[Records drawn from a dataset]
== Segment start ==
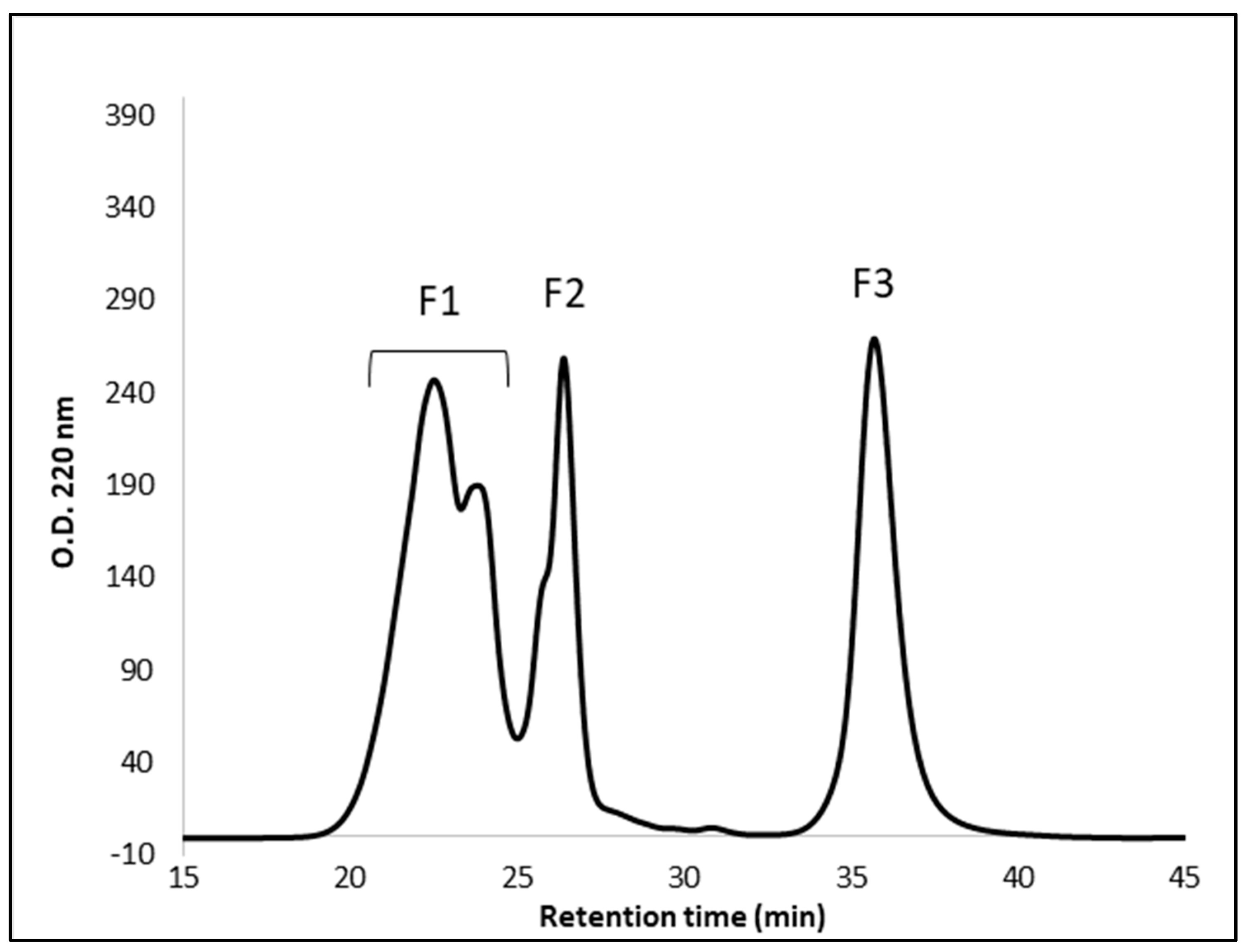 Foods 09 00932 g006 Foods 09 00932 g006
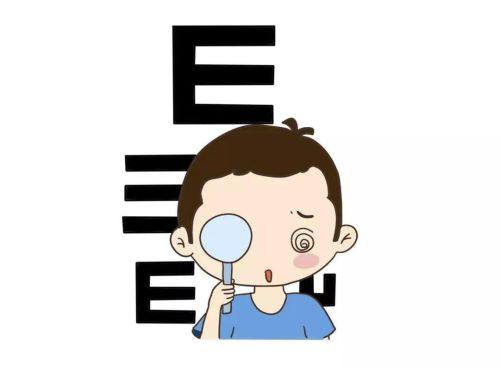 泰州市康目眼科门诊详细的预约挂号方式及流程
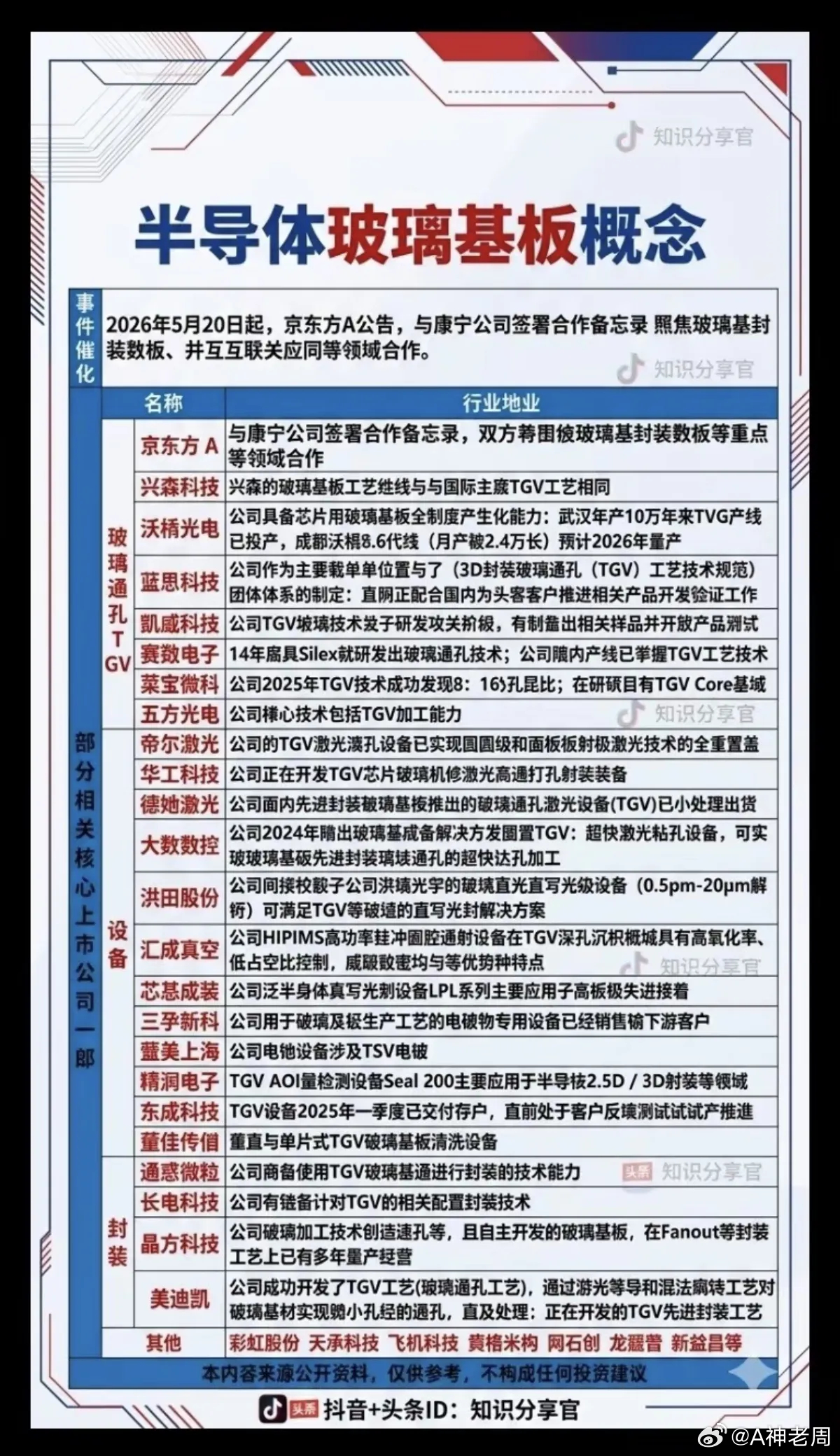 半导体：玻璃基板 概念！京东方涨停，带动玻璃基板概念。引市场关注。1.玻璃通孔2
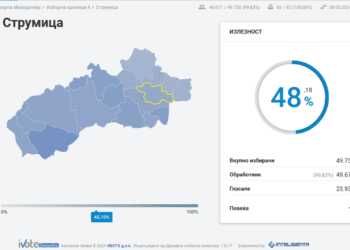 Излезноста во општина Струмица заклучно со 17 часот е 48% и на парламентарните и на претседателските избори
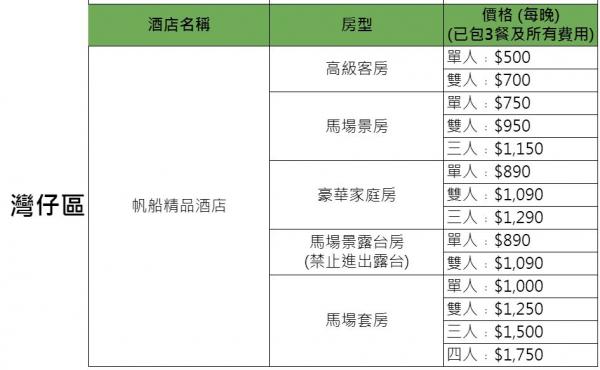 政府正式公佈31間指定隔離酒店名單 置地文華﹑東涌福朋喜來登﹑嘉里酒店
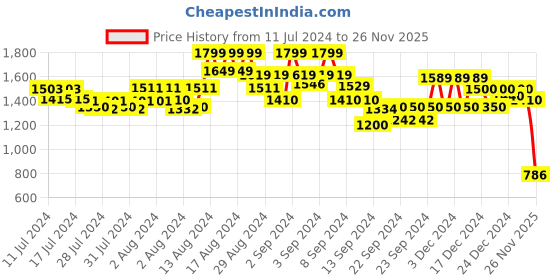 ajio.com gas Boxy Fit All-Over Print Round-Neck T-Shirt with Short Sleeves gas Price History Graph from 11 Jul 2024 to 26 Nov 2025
== Segment end ==
[WHAT YOU WILL DO] Please restate each entry exactly, but drop any picture it holds.

[TASK RESULT]
 Foods 09 00932 g006 Foods 09 00932 g006
 泰州市康目眼科门诊详细的预约挂号方式及流程
 半导体：玻璃基板 概念！京东方涨停，带动玻璃基板概念。引市场关注。1.玻璃通孔2
 Излезноста во општина Струмица заклучно со 17 часот е 48% и на парламентарните и на претседателските избори
 政府正式公佈31間指定隔離酒店名單 置地文華﹑東涌福朋喜來登﹑嘉里酒店
 ajio.com gas Boxy Fit All-Over Print Round-Neck T-Shirt with Short Sleeves gas Price History Graph from 11 Jul 2024 to 26 Nov 2025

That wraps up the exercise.